Audio: Like the video transfer, the 5.1 DTS-HD Master Audio track has to cover a pretty broad spectrum — and it also acquits itself admirably, with clearly audible dialogue and impressively expansive sound effects during the action scenes (particularly during the climactic shootout, which gives Heat a run for its money in the cops ‘n’ robbers A/V workout department).
Special Features: As with most Warners titles, The Town comes in a two-disc pack, offering viewers their choice of Blu-ray, DVD, or digital copy; the Blu-ray lets you choose between watching the theatrical (125 minutes) or the extended (153-minute) cut, with an entertaining (albeit rather stuffy) Affleck audio commentary for both versions of the film. The supplements are rounded out with a half-hour collection of featurettes, titled “Ben’s Boston,” that give you a look behind the scenes. Don’t expect to see anything amazing here — if you’ve ever watched one of these, you know they tend to be about as illuminating as a segment of Entertainment Tonight – but they’re well-done as far as these things go.
Bottom Line: The Town is a fine film, and it’s certainly nice to see Affleck moving away from the paycheck dreck that threatened to derail his career — but watching it, I couldn’t help but keep thinking about the old Chris Rock routine about people who brag about doing things they’re supposed to do. Yeah, Ben Affleck, you’ve given us an entertaining variation on the unbelievably tired robber-with-a-heart-of-gold heist flick. Whatchoo want, a cookie? As gripping as The Town can be — and it’s plenty gripping, especially when Jeremy Renner is on the screen — it evaporates as soon as the closing credits start to roll. You’ve seen this story before, and you’ve probably seen it told more skillfully; the movie comes alarmingly close to killing itself trying to get you to identify with Affleck’s character, right down to a scene with his love interest (played by a terrific Rebecca Hall) that threatens to approach “animal crackers in Armageddon” levels of clunky cheesiness.

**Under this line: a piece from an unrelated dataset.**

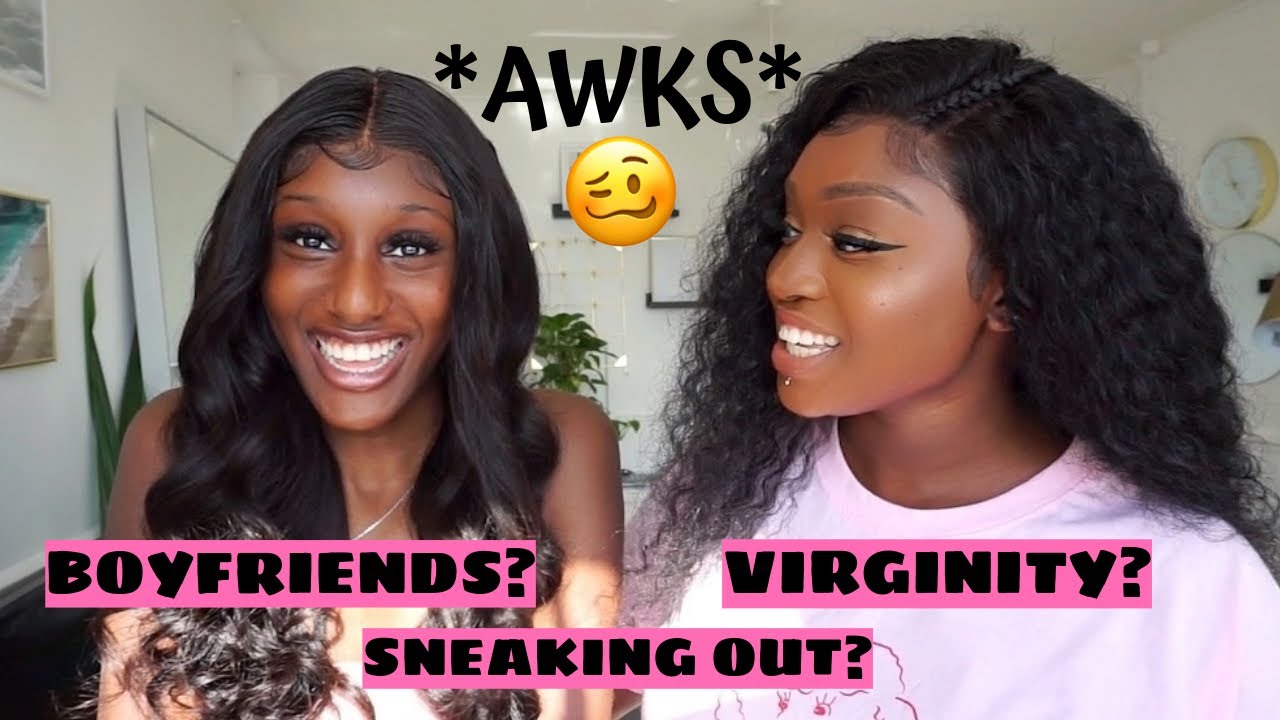 ASKING MY MUM QUESTIONS YOU'RE TOO AFRAID TO ASK YOUR PARENTS! *major TMI* Loool! | ft Kriyya hair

All of which is to say that The Town is a solid heist flick, and one of the better mainstream action thrillers (or even dramas) to come out in 2010, but that all the critical praise and awards hype is more than a little overblown. Like Cyrus, Get Low, and a handful of others, this is a movie that does what it’s supposed to do, no more, no less. Temper your expectations accordingly, and don’t expect to find yourself thinking about these characters after they leave the screen.